WORK ITEM: Could you copy exactly the lines below, beginning at the line with "adidas Originals Sneakers ADI2000" and stopping after the line with "Terpstraat 13 Rotterdam thumbnail 11", with no pictures?

TASK INPUT:
◆ ◆ ◆ ◆ ◆
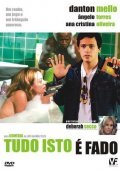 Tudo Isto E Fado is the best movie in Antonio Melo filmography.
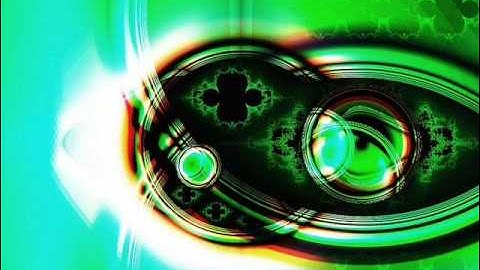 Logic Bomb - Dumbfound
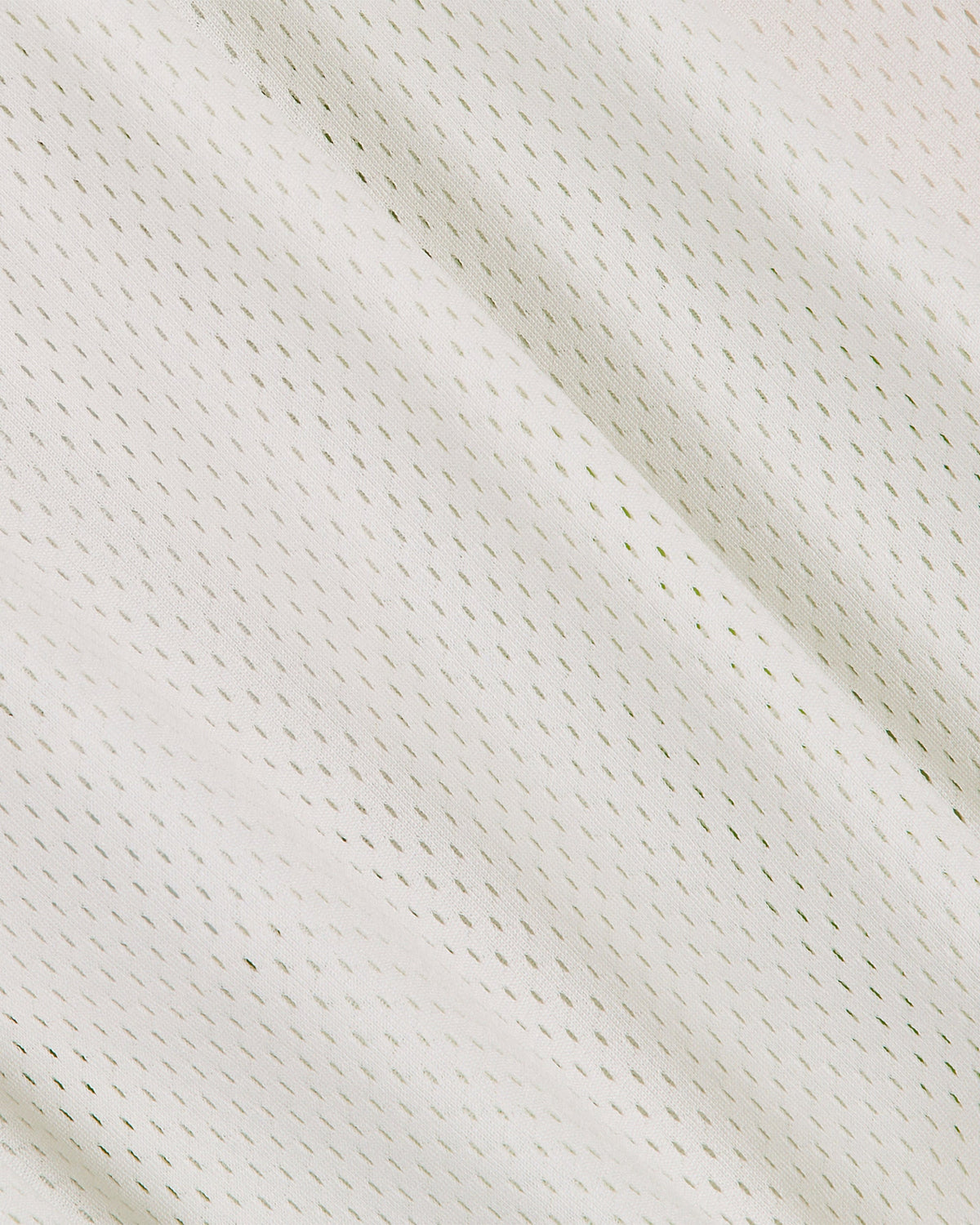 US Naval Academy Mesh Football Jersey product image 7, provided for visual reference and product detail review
◆ ◆ ◆ ◆ ◆
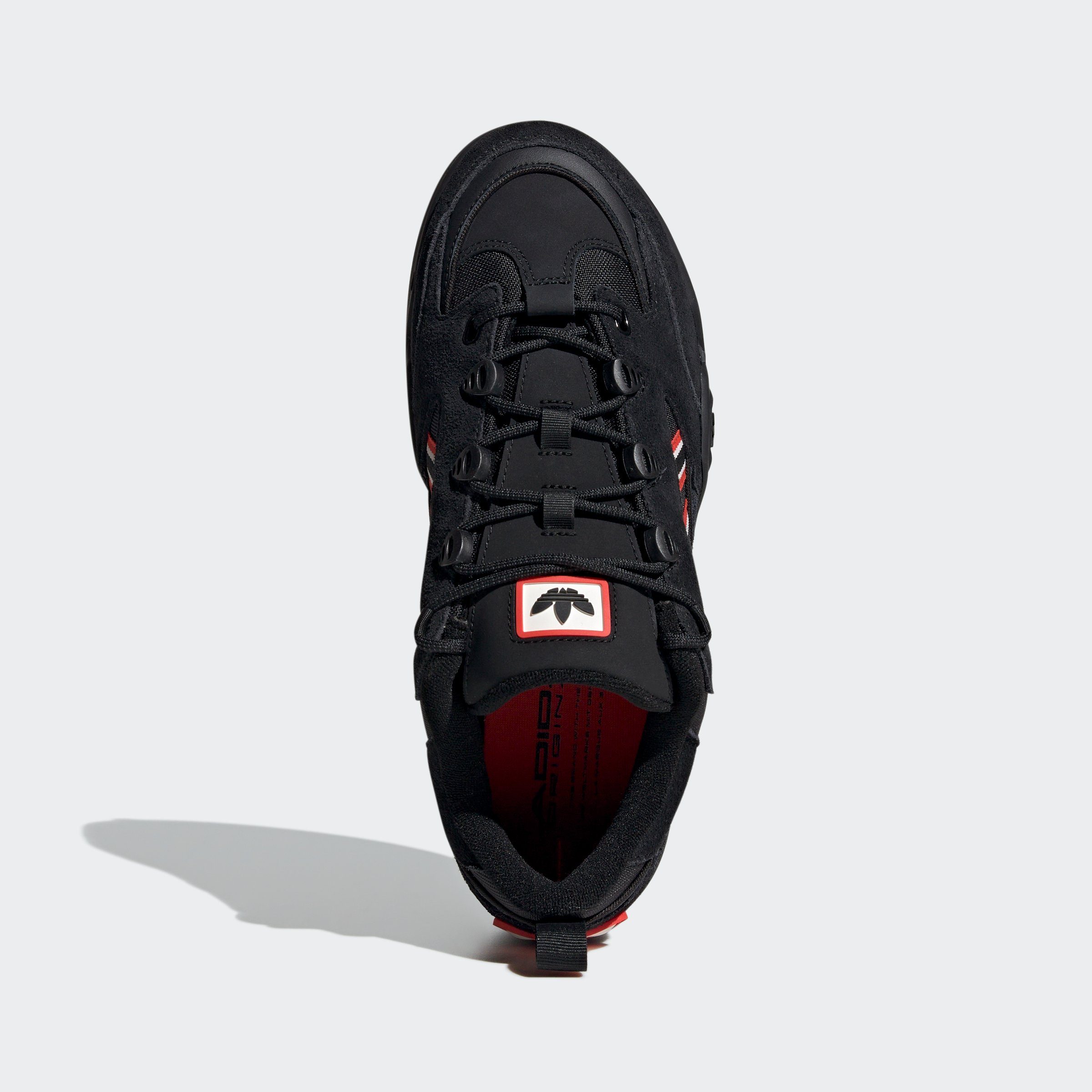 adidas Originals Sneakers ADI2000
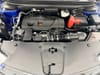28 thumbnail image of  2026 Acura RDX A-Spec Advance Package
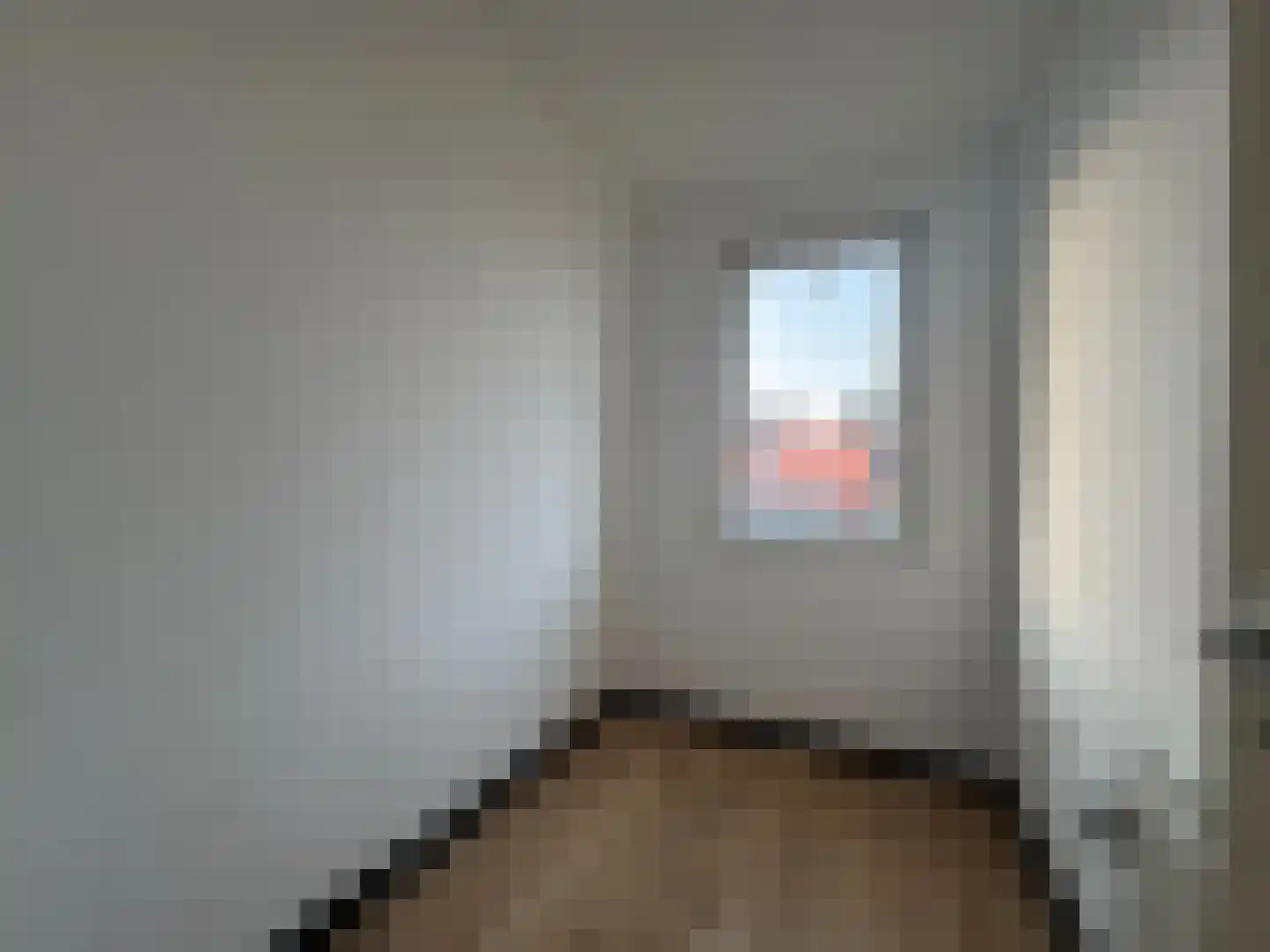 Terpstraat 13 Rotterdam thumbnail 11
◆ ◆ ◆ ◆ ◆
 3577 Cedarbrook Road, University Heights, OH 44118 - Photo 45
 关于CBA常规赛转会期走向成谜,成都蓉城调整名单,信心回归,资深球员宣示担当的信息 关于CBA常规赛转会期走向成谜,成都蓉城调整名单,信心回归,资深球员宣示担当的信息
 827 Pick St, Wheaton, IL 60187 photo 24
◆ ◆ ◆ ◆ ◆
RESULT OF THE EXERCISE:
 adidas Originals Sneakers ADI2000
28 thumbnail image of  2026 Acura RDX A-Spec Advance Package
 Terpstraat 13 Rotterdam thumbnail 11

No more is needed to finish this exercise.